The dynamics of capitalism, Speth argues, are at the crux of these problems: "When prices reflect environmental values as poorly as today's prices do, the system is running without essential controls." He calls for a radically different set of economic policies to accurately price the true costs of environmental degradation and to harness new technologies. He goes on to link an out-of-control market system to the array of other social ills, drawing on his extensive knowledge of issues of global human development.
The book reads as if Speth, now in the fifth decade of a distinguished career, decided to take some time out and immerse himself in a small library of works on modern capitalism. The result is a superb synthesis of the great economic questions of our time: how to reconcile markets with environmental sustainability; efficiency with equality; and trade and global openness with socially defensible standards of living. These are ultimately political questions, not technical ones. Speth calls, first and foremost, for an invigorated democracy, at all levels, as the necessary counterweight to rapacious capitalism.

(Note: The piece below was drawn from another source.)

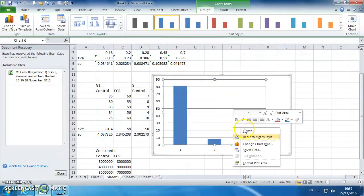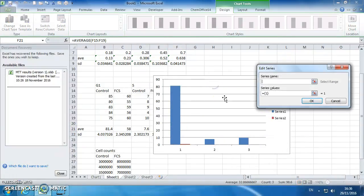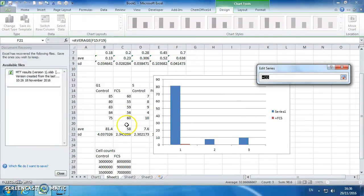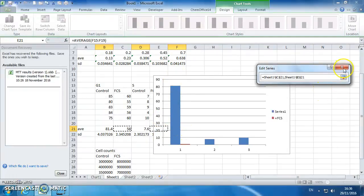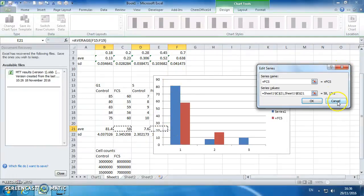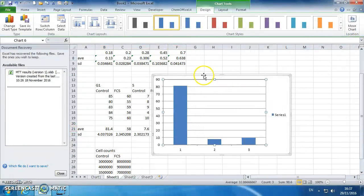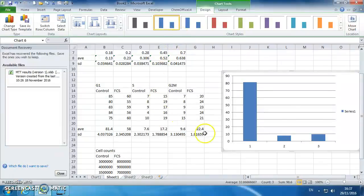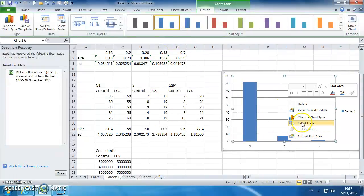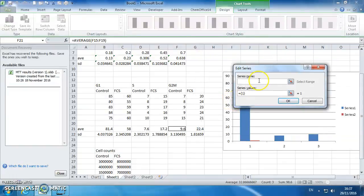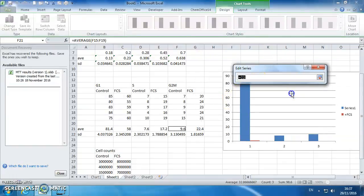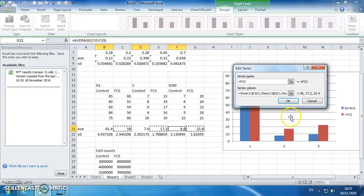Right click and go to select data. Add a series, and this is going to be your plus FCS. Highlight your data values, which is that one, probably that one, and one that's hidden behind your graph. So I just need to cancel that and move the graph out of the way. So I'll repeat that. So right click on the graph, select data, add a series, plus FCS. Series values are my FCS ones, which is that one, that one, that one. So we've now got a two series graph.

This allocation of central blame to capitalism might sound almost Marxian, but Speth writes less in the mode of Marx and more in the spirit of Karl Polanyi, a non-Marxist who composed a more persuasive account of capitalism overwhelming civil society. Speth observes, "It is true but too easy to say that the resistance will come from entrenched interests. It will also come from ourselves. We are the consumers and the employees, and we are easily seduced." But in the end, despite his depressing catalog of ills, Speth remains a warm-hearted optimist. There are, he concludes, "solid grounds for hope" -- in new scientific and technical breakthroughs that put sustainability and decent living standards on the same side and in the emergence of a global civil society.
There is historical precedent for this optimism. As Abdelal reminds us, during the quarter-century after 1944, the year both of the Bretton Woods Accord and the publication of Polanyi's masterwork, The Great Transformation, it was indeed possible to balance the dynamism of markets with other social imperatives. All it took was a far more robust democratic politics.